E comunque non parte ancora apertamente la sfida a Di Maio perché c'è un problema. «La ricerca del capo alternativo non sta portando frutti», sintetizza un influente parlamentare vicino a Roberto Fico. Come dice Paragone, il senatore filo-leghista e al momento filo-Di Maio: «Luigi è debolissimo. Magari lui nel suo biglietto da visita c'ha scritto capo politico del M5S. Ma è evidente che non esercita più alcuna leadership. Eppure la sua forza residua sembra superiore alla somma delle inconsistenze di tutte le altre sedicenti alternative». La suggestione Patuanelli non cresce. Si agita molto Morra. Organizza incontri, denominati Identità 5Stelle e viene descritto così: «Sta smaniando per fare il leader». Ma ecco il senatore Giarrusso, attacca: «È venuto il momento di sfiduciare apertamente Di Maio. Dice che solo 10 parlamentari sono contro di lui?

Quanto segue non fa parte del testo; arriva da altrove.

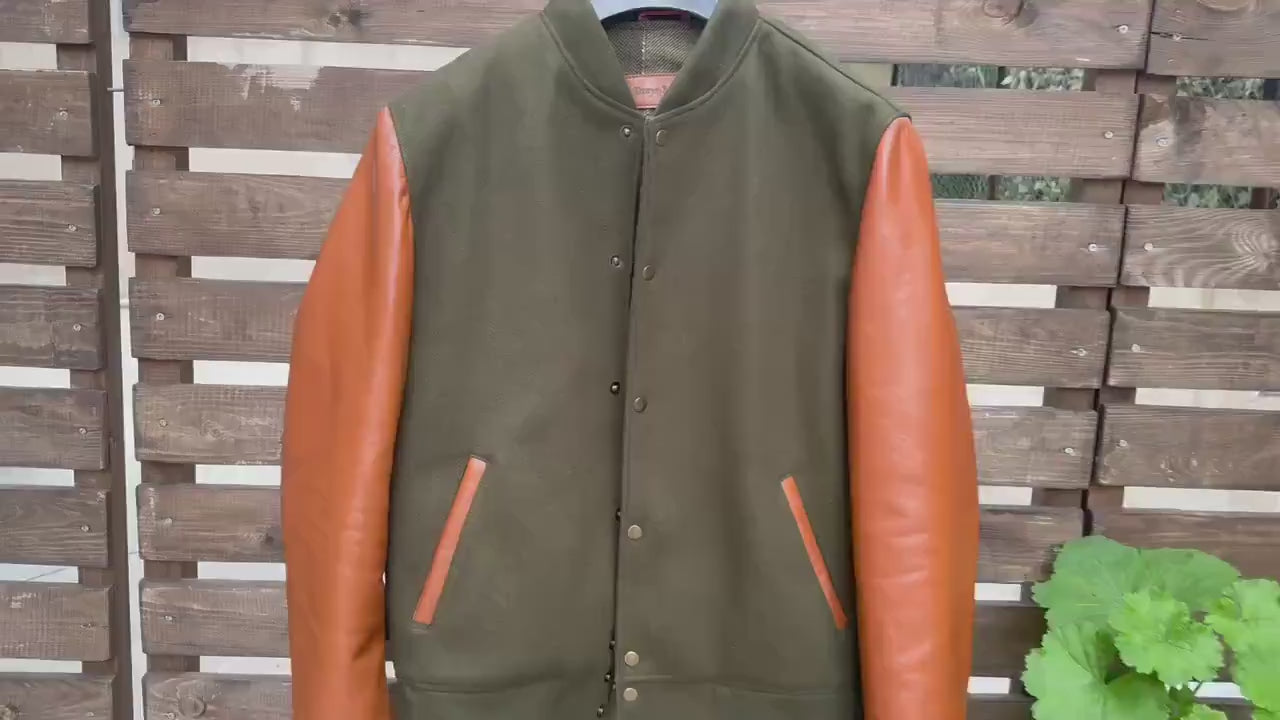 Handmade Varsity Wool - Leather Jacket, Olive Green - Tan Brown 99percenthandmade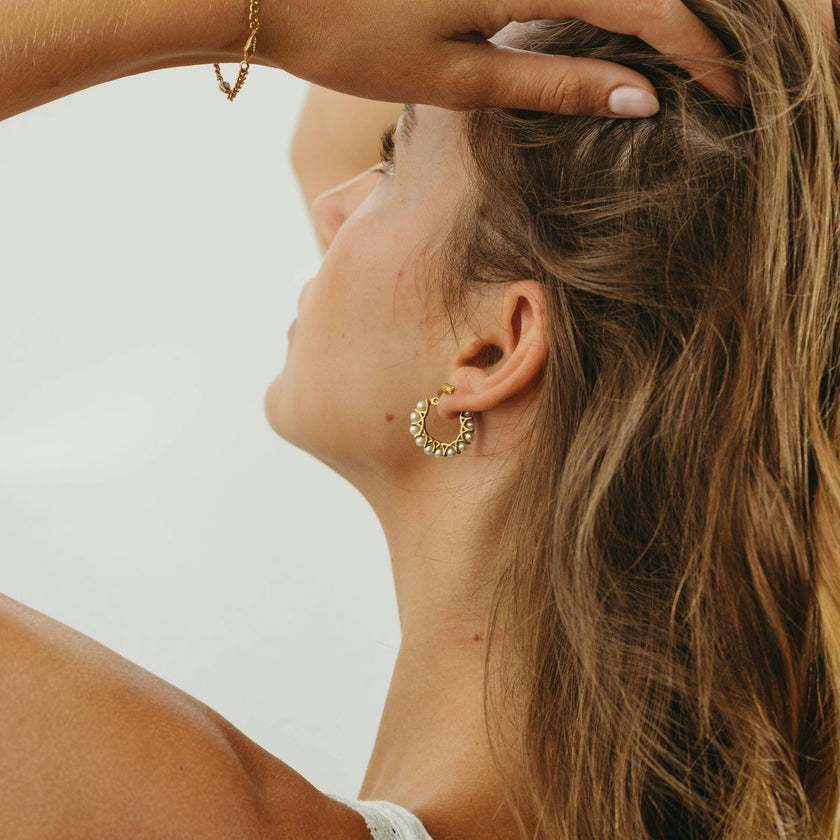 Mini Pearl Hoops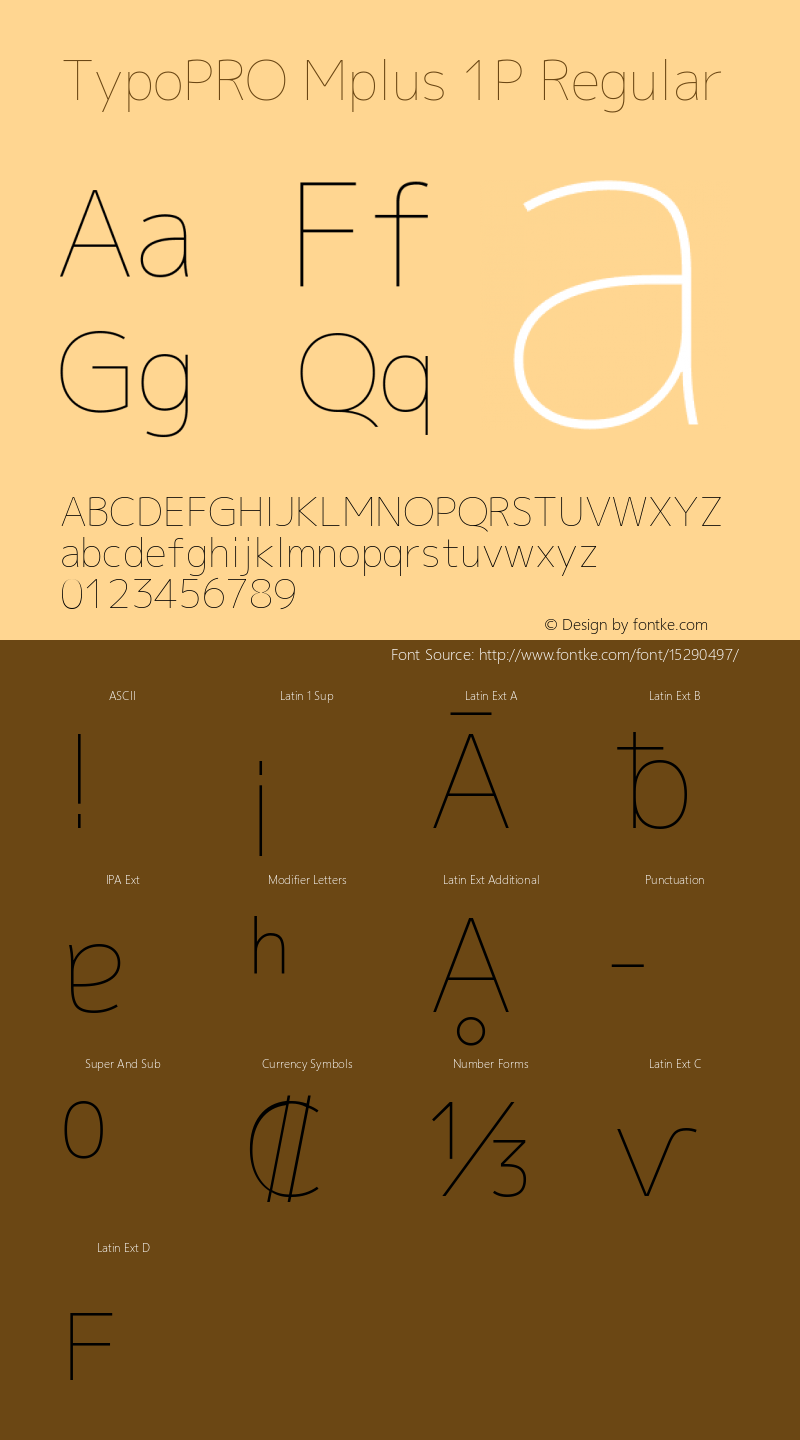 TypoPRO Mplus 1P Regular Version 1.059 Font Sample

La verità è che solo dieci parlamentari sono con lui». E se davvero ricomincia a fare coppia con Dibba, i 10 magari diventano 5.

FATTORE GRILLO
Di fronte a tutto ciò Di Maio un po' gonfia il petto («I giornaloni scrivono solo falsità, nessun problema nel movimento») e un po', anche per non irritare ulteriormente Grillo, arretra: «Ma io non voglio affatto far cadere il governo». Il big bang pentastellato potrebbe scattare però con la risoluzione sul Mes per il 10 e l'11 dicembre. Risoluzione che, se presentata da soli e senza il Pd, rischia di creare una specie di secondo caso Tav con M5S che si vota in solitudine il suo testo, gli altri partner del governo un altro, le opposizioni un altro ancora e la maggioranza che evapora. Il timore, in gran parte del gruppo, interessato soprattutto alla prosecuzione della legislatura e alla strenua permanenza sulla poltrona, è che a forza di tirare la corda alla fine si torni al voto e nessuno è disposto a permettere a Di Maio di fare questo.
Sul Mes può saltare tutto, perché ci sono grillini che su questo punto mai cederanno. Come Elio Lannutti o Gianluigi Paragone al Senato e altri potrebbero aggiungersi, per esempio Toninelli. E come, alla Camera, il veneto Alvise Maniero - uno che su Rousseau votò contro l'accordo di governo M5S-Pd - o l'altro veneto Raphael Raduzzi e non solo loro. L'altro appuntamento è all'indomani del voto in Emilia e in Calabria. E lo spartito anti-Di Maio è già pronto, tra i parlamentari stellati e, senza dirlo, pure tra i ministri: «Ma può restare al suo posto uno che ci ha portato da quasi il 40 per cento dei voti al 10, se va bene?».